No podemos conformarnos con ser buenas personas. Hemos de aspirar a más, no basta con hacer lo justo y lo mínimo; o como en alguna que otra época de estudiante, no es suficiente con aprobar, se ha de sacar siempre la mayor nota posible. Los creyentes hemos de aspirar a ser buenos y mejores cristianos cada día, no podemos acomodarnos a un estilo de vida laxo, que no nos comprometa ni transforme en nuestra vida interior. Vivir nuestra fe ha de ser un reto ilusionante cada día, que nos permita descubrir y saborear a Dios en todo lo que hacemos; es vivir con tanta intensidad cada acontecimiento que te permite entregarte y sacarle el mayor fruto a todo lo que realices; es dejarte sorprender y no consentir en ningún momento que en tu vida entre la rutina, la desgana, el desaliento; es estar abierto a la novedad del Evangelio, de tal manera que siempre te aporte algo nuevo y te hable de una manera distinta, pues la Palabra de Dios debe resonar siempre de una manera distinta en nuestro interior y nos tiene que enseñar algo nuevo cada vez que la escuchamos.
La vida de fe no está llena solo de buenos propósitos, sino que necesita de las obras.
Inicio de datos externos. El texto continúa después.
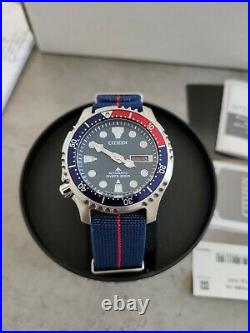 Citizen Promaster Automatic Men's Pepsi Diver Watch Ny0086-16l & Scuba Tank Case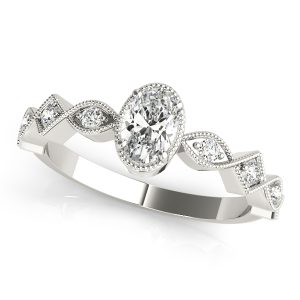 14K White Gold Single Row Oval Diamond Engagement Ring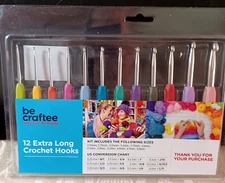 Crochet Hooks Kit 12 Extra Long Multiple Sizes Be Craftee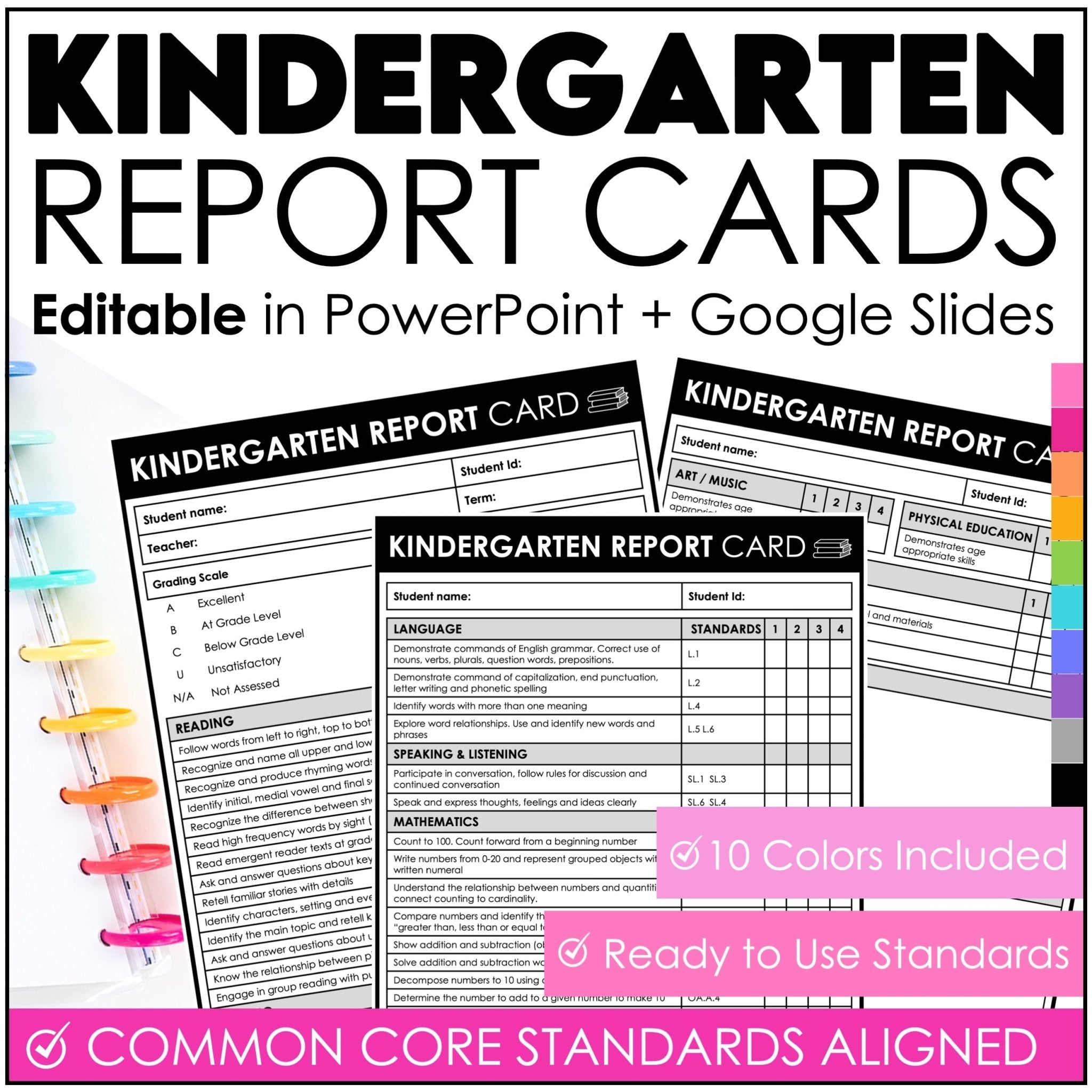 Kindergarten Report Card Templates – Editable with Common Core Standards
Lo dice el apóstol Santiago: «Una fe sin obras es una fe muerta» (Sant 2, 17). No nos sirve únicamente la teoría, sino que necesitamos de la práctica continua y cotidiana. Ha de haber una correspondencia entre lo que pensamos y lo que hacemos. Por desgracia muchas veces nos sumergimos en la incoherencia personal, y nos cuesta trabajo salir de ella. Son habituales las ocasiones en las que somos duros a la hora de juzgar a los demás porque no nos gusta lo que hacen, y en cambio, cuando se trata de uno mismo, nos consentimos todo lo que censuramos si llegado el caso nos benefician las circunstancias. Por eso nos dice Jesús: «Por sus frutos los conoceréis» (Mt 7, 20), porque no podemos decir que creemos mucho en Dios y le amamos y luego no refrendamos estas palabras con nuestros propios frutos de fe.
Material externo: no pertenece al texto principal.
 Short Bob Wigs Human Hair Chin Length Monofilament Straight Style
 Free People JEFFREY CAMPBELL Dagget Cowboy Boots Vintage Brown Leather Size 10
Procura tener una vida santa, libre de todo pecado. Mantente firme en tu fe, para que seas capaz de rechazar las tentaciones que intentan seducirte para alejarte de Dios y apagar tu sed de Él. No basta solo con la buena intención, o con decir que crees en Dios. Son muchas las ocasiones en la que eres consciente de la vulnerabilidad de la fe. Debes cuidarla porque es tan frágil, que al mínimo resquicio que dejes, rápidamente se pierde la gracia de Dios en el alma, y sin darnos cuenta, empezamos a ser vulnerables, cada vez más, hasta que el pecado se apodera de nosotros. Curiosamente, lo primero que se suele abandonar es la oración, el cauce de comunicación con el Señor.
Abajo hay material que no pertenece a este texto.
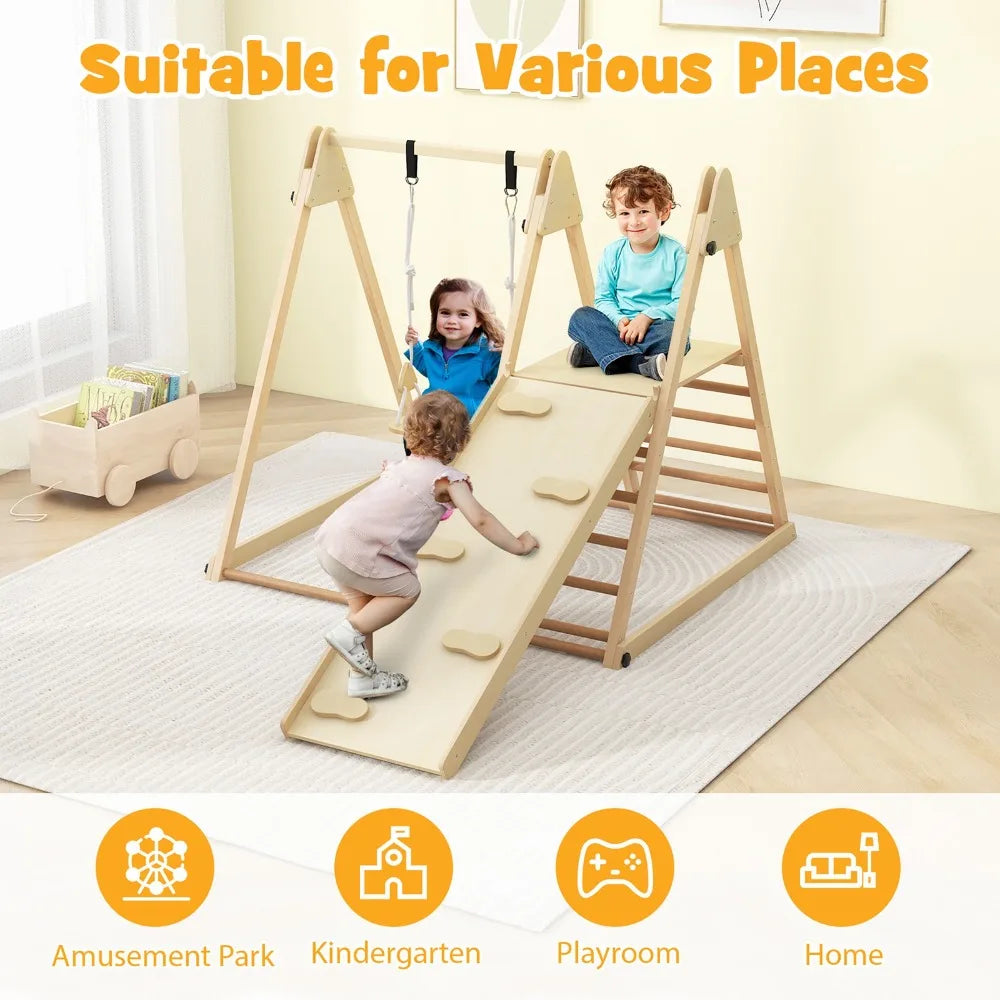 Indoor Playground w/ Slide Climbing Rock Adjustable Swing Wooden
Deja que tu vida y que tu rostro muestre siempre todo lo que tienes de Dios en tu corazón. No lo ocultes. No tengas miedo a dar testimonio ni a compartir lo que Dios significa para ti. Son muchos los momentos donde los cristianos preferimos callarnos y no hablar de Dios con quienes nos rodean. Vivimos nuestra fe demasiado en silencio, callando lo que experimentamos y lo que Dios supone para cada uno. Ha llegado el momento de salir de nuestros escondites y empezar a decir al mundo entero lo que Cristo significa en nuestras vidas. No podemos esperar eternamente para dar razón de nuestra fe. Los frutos están para compartirlos en su momento, sino maduran y al final se terminan pudriendo y desechando. ¿En cuántas ocasiones has dejado de compartir tu fe? ¿Cuándo has permitido que tus frutos de fe solo sean para ti? Esto es también una forma de egoísmo, porque nos guardamos para nosotros lo que hemos recibido gratis, y por miedo a tantas cosas (qué dirán, compromiso, vergüenza…) dejamos pasar el momento.
«Soy yo quien os he elegido y os he destinado para que vayáis y deis fruto, y vuestro fruto permanezca» (Jn 15, 16). No tengas miedo en salir de ti mismo y ser altavoz de Dios. Seguro que hay alguien a tu lado deseando escucharte.